→ Problem statement
Skip every picture and copy only the lines from the one containing "Le Torri Del Garda Familyspa Отель 4*" to the final line of the records below.

——

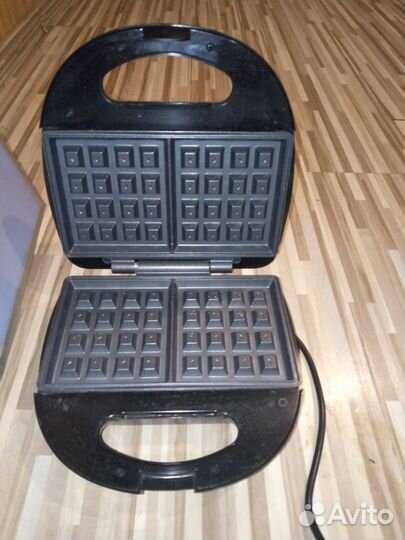 Вафельница и раклетница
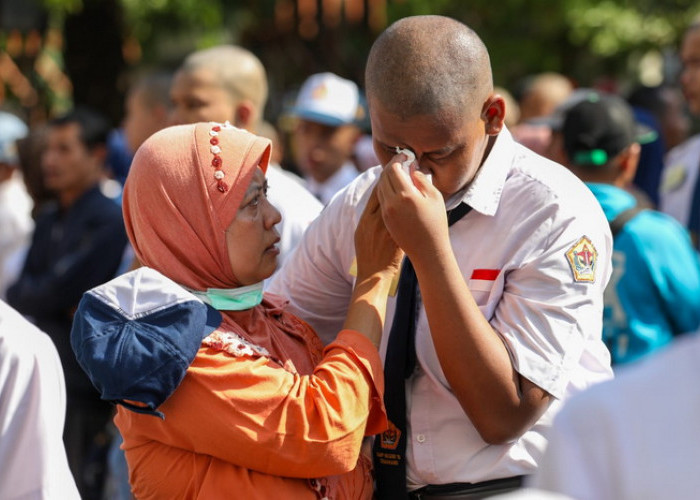 Hujan Air Mata Warnai Serah Terima Siswa Baru SMKN Jateng di Semarang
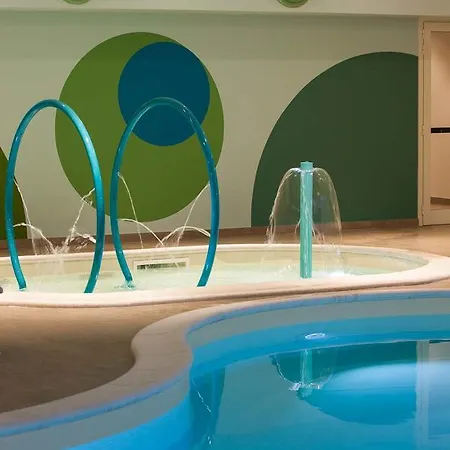 Le Torri Del Garda Familyspa Отель 4*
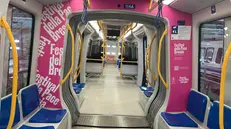 Il treno della metro con i messaggi del Festival della Pace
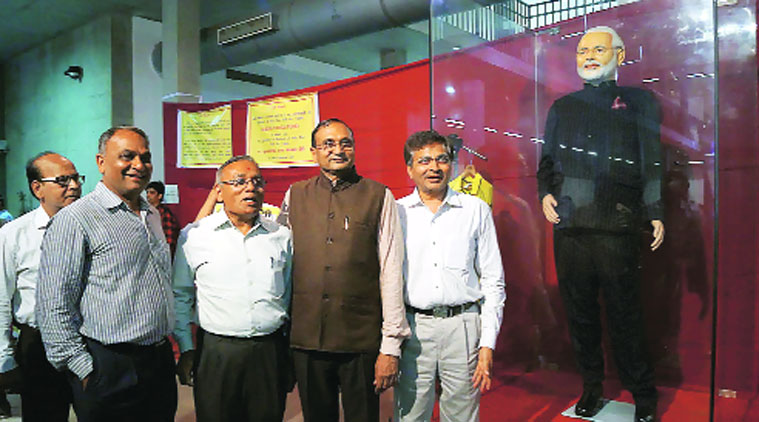 فروش لباس نخست وزیر هند در یک حراجی+ عکس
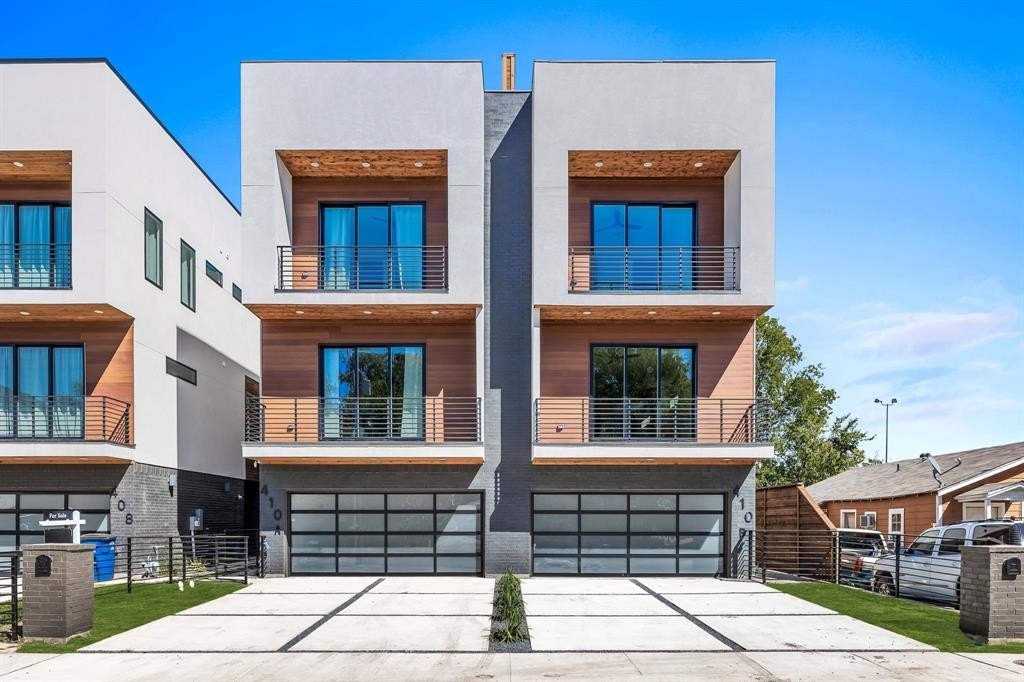 410 Avenue L #B, Dallas, TX 75203, 3 Bedrooms Bedrooms, ,3 BathroomsBathrooms,Residential Lease,For Rent,410 Avenue L,20967457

——

→ Finished task
 Le Torri Del Garda Familyspa Отель 4*
 Il treno della metro con i messaggi del Festival della Pace
 فروش لباس نخست وزیر هند در یک حراجی+ عکس
 410 Avenue L #B, Dallas, TX 75203, 3 Bedrooms Bedrooms, ,3 BathroomsBathrooms,Residential Lease,For Rent,410 Avenue L,20967457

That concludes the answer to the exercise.